So you’ve got a big assignment due in two weeks. You know that it’s going to take a lot of time and effort, but you also know that you are the master of procrastination and probably won’t start working on it until the day before it’s due. There has to be some way to overcome this! You just know that if you could get yourself to work on this project throughout the next couple weeks, you could get a great score on it. And that’s where this blog post comes in!
The biggest way to avoid procrastination is to simply start working on the task. But this alone still seems insurmountable, so let’s break it down a little more:
When you first receive a task, you should sit down and look at the components and requirements. Breaking these parts down into manageable tasks can prevent the whole thing from becoming overwhelming. After you’ve identified the small tasks, it is important to assign specific deadlines to each one. The more you can get done throughout the next two weeks, the less you will have to do the night before the due date.
For example, say you were assigned a research essay on a Monday, and it was due the next Friday. The essay could be split into the following components: annotated bibliography, thesis, outline, rough draft, proofreading, and final draft. You could aim to finish the research in the first two days, spend a day doing the thesis, and have an outline created by Friday of the first week. Then, you could set a goal of completing a rough draft over the weekend and proofreading by Tuesday. At this rate, it would be no problem to have a final draft by the second Friday, when the assignment is due.

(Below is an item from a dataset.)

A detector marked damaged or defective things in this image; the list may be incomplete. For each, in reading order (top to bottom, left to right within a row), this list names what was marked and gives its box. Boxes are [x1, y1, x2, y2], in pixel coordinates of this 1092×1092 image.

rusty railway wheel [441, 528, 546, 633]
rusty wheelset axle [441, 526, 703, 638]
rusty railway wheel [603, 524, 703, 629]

One benefit of this method is that you do not dwell on the overall assignment too much. Thinking about writing a research essay can be very daunting if considered as a whole. However, accomplishing parts of the overall assignment will create feelings of success and reduce your stress, which can lead to more productive work.
You might worry that you will make a wrong decision in your first couple days of working on the assignment and make it more difficult for yourself later. Maybe, you wonder, it would be simplest to do it all at once while the ideas are connected in your mind. But that’s the beauty of writing – every draft is a living document, and can be updated to reflect new ideas that may come to you as you continue through the process.
You also may find that you still avoid your small tasks. If this is the case, it could be helpful to try a trick called the “Five Minute Miracle”. When you have a few minutes to spare, ask yourself what you can do in the next five minutes to progress in any way, even the smallest bit, on your project. Then set a timer and get to it! Any progress is good progress.